Starting with the line that holds "Microsoft Copilot Flex", reproduce each line through the last one of the data, exactly as written. Pictures are not copied.

# Task inputs:
# # #

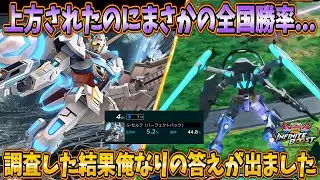 【イニブ実況】直近で上方されたがまさかの全国勝率... 改めて乗ってきた結果足りない部分が判明しました【G-セルフ(パーフェクトパック)】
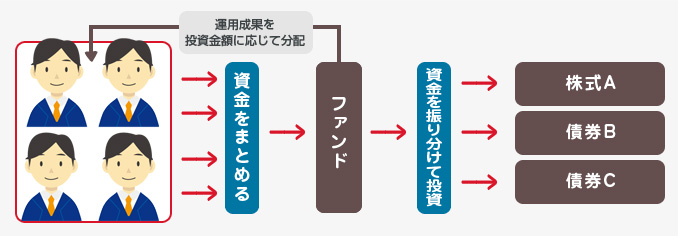 運用成果を投資金額に応じて分配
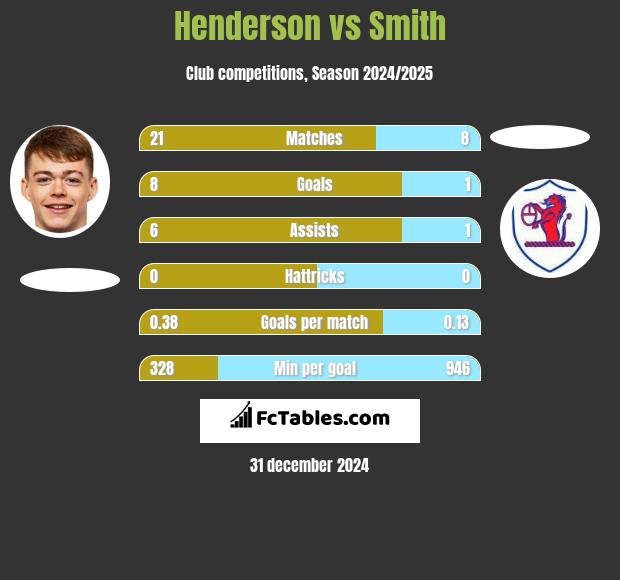 Henderson vs Smith h2h player stats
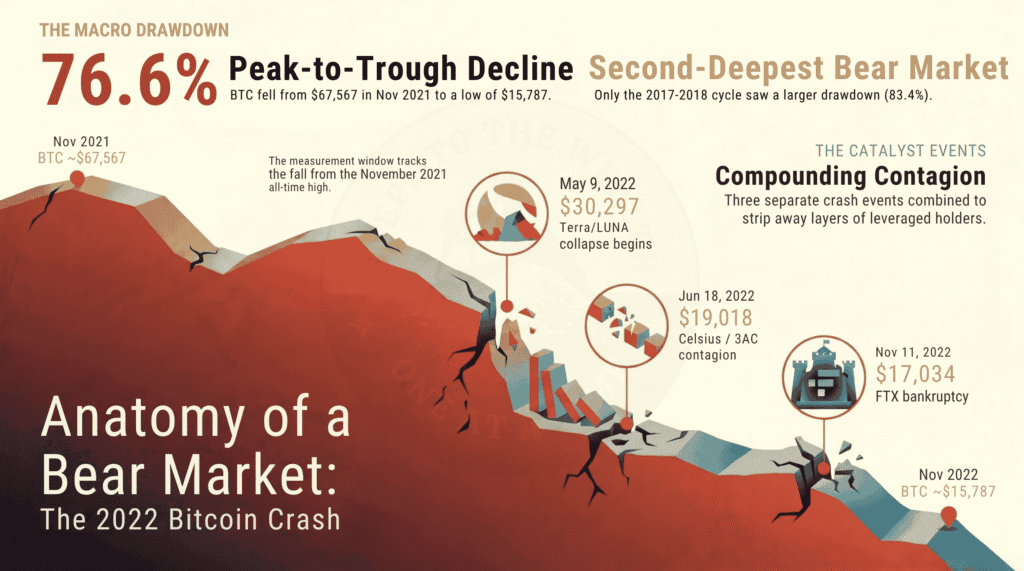 How deep the 2022 Bitcoin crash went - a 76.6% peak-to-trough decline from $67,567 in November 2021 to $15,787 in November 2022 across the LUNA, Celsius/3AC and FTX events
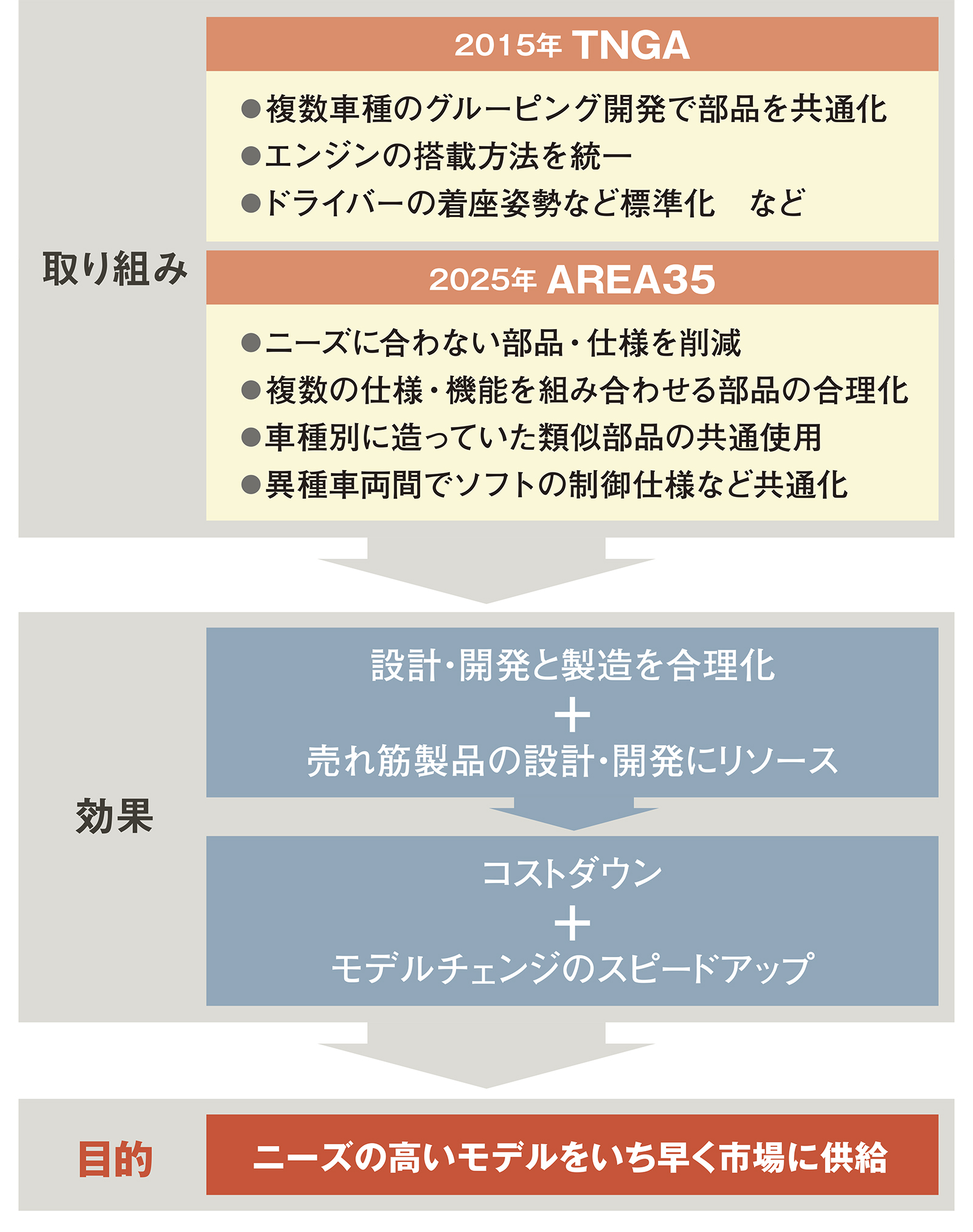 トヨタ、部品種・仕様のさらなる削減へ 狙いは「工場の生産能力増強
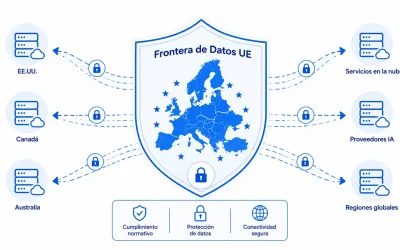 Microsoft Copilot Flex Routing en la UE: Una decisión que ya no es opcional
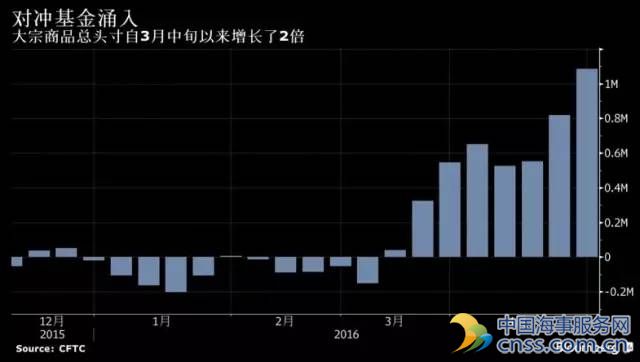 大宗商品市场牛市近在咫尺，国际投资机构看法迥异 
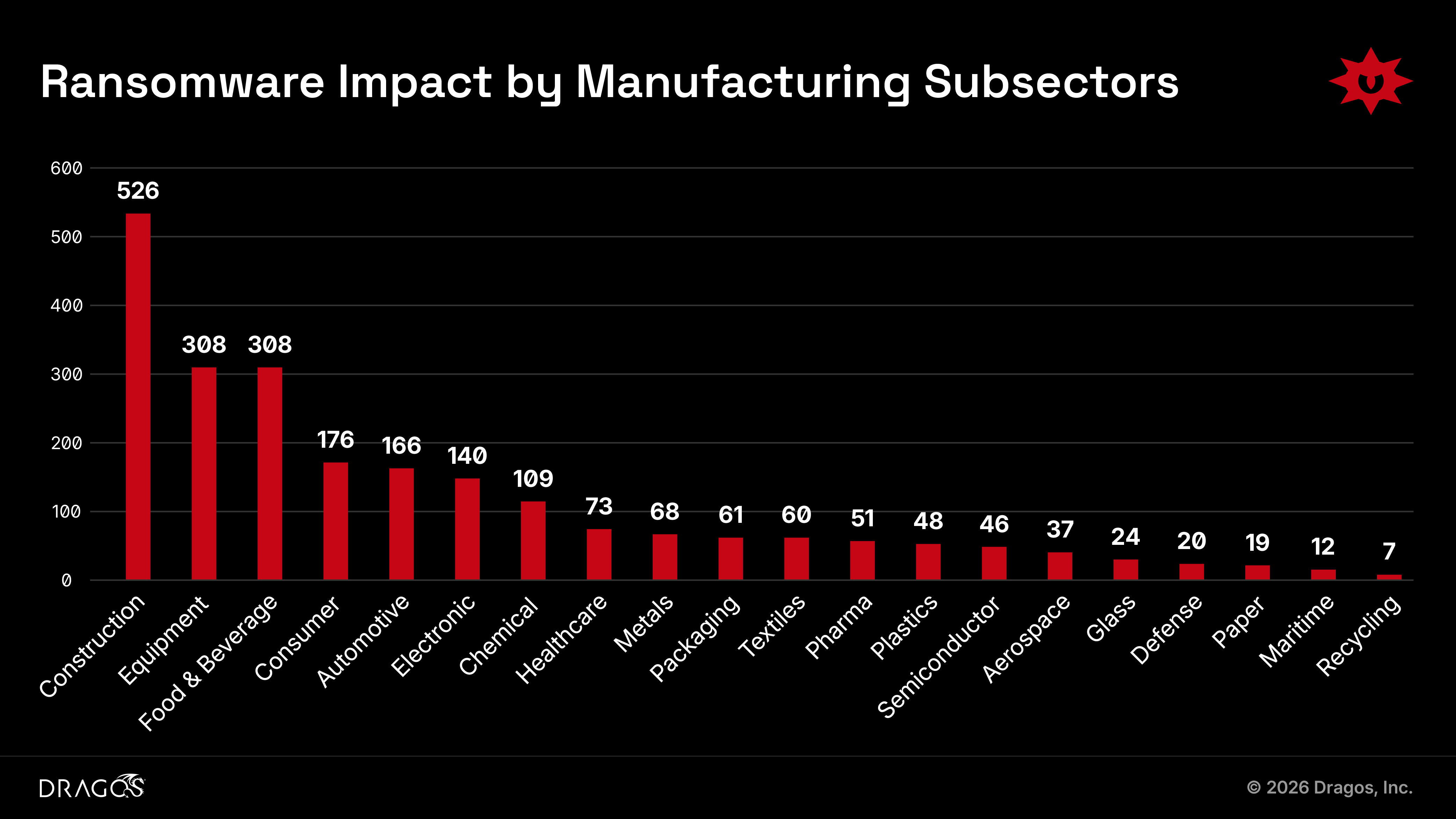 dragos year in review ransomware 20260224160953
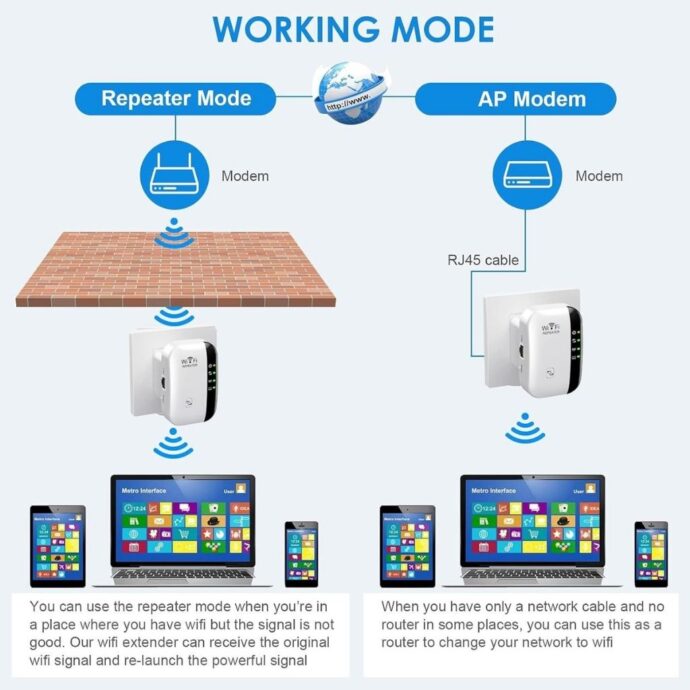 ⁦مقوي إشارة WiFi بسرعة 300 ميجابت/ثانية⁩ - الصورة ⁦7⁩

# # #

# Reply to the exercise:
 Microsoft Copilot Flex Routing en la UE: Una decisión que ya no es opcional
 大宗商品市场牛市近在咫尺，国际投资机构看法迥异 
 dragos year in review ransomware 20260224160953
 ⁦مقوي إشارة WiFi بسرعة 300 ميجابت/ثانية⁩ - الصورة ⁦7⁩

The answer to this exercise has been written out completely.